───── Available records

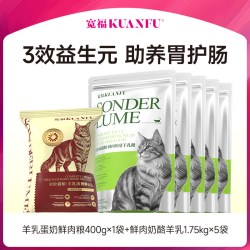 宽福 鲜肉奶酪羊乳成猫粮营养型美毛试吃包朗诗不掉毛1.75kg*5+羊乳蛋白400g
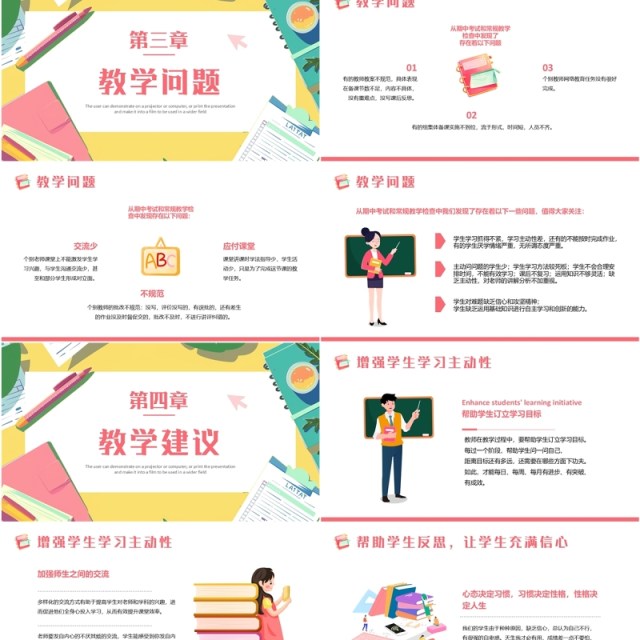 粉色清新风期中考试质量分析会PPT模板 粉色清新风期中考试质量分析会PPT模板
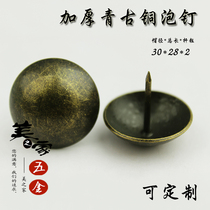 Green bronze foam nail 30mm antique copper nail palace drum nail push pin solid wood sofa big head nail 0 7-4cm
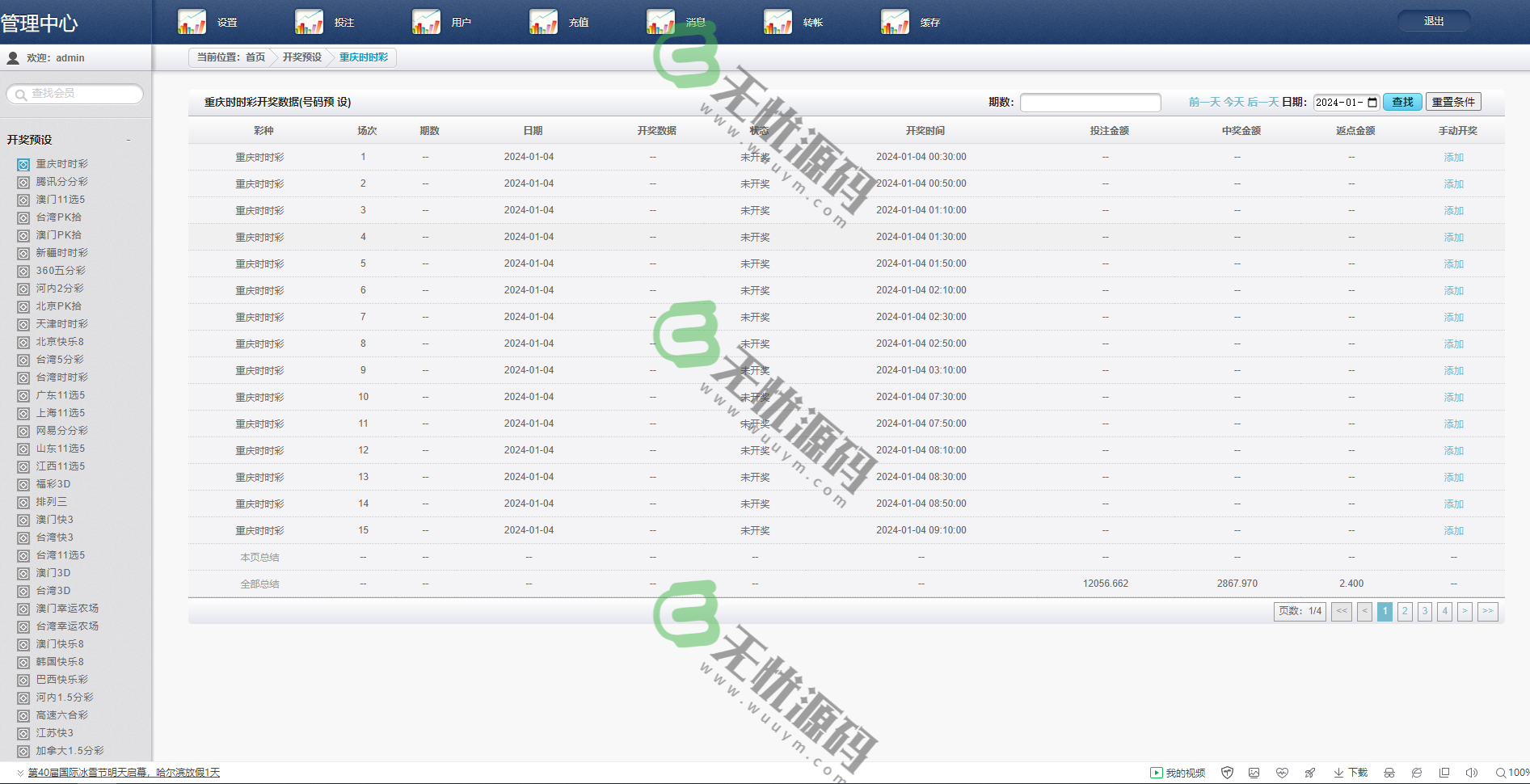 图片[4]-杏彩二开蓝冠运营版/带日工资契约/后台可预设-码云源码库
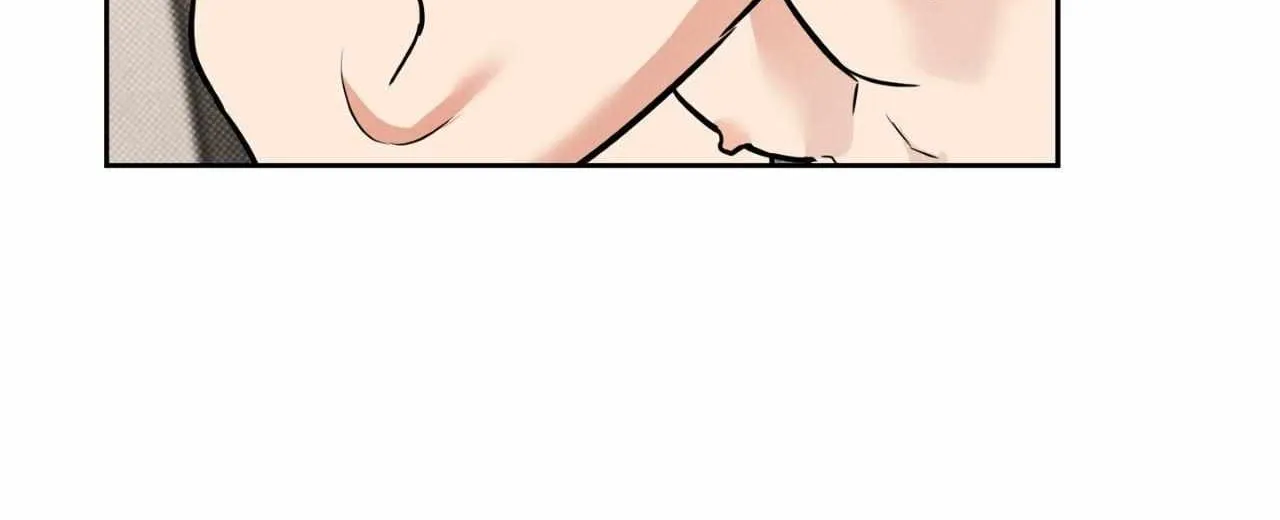 Read Sugar Trap chapter 46 image 22 on Lezhin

──────────

▶ [What to do]: Extract the run of lines beginning with the line that holds "粉色清新风期中考试质量分析会PPT模板 粉色清新风期中考试质量分析会PPT模板" and ending at the last line of the data, inclusive. Exclude any pictures from the copy.

▶ [Solution for this task]:
 粉色清新风期中考试质量分析会PPT模板 粉色清新风期中考试质量分析会PPT模板
 Green bronze foam nail 30mm antique copper nail palace drum nail push pin solid wood sofa big head nail 0 7-4cm
 图片[4]-杏彩二开蓝冠运营版/带日工资契约/后台可预设-码云源码库
 Read Sugar Trap chapter 46 image 22 on Lezhin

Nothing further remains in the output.